-- The data --
= = = = = = =

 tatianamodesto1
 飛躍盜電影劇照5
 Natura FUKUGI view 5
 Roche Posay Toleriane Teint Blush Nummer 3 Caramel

= = = = = = =

-- Task --
Would you please give back all of the material above exactly as it stands?

-- Answer below --
 tatianamodesto1
 飛躍盜電影劇照5
 Natura FUKUGI view 5
 Roche Posay Toleriane Teint Blush Nummer 3 Caramel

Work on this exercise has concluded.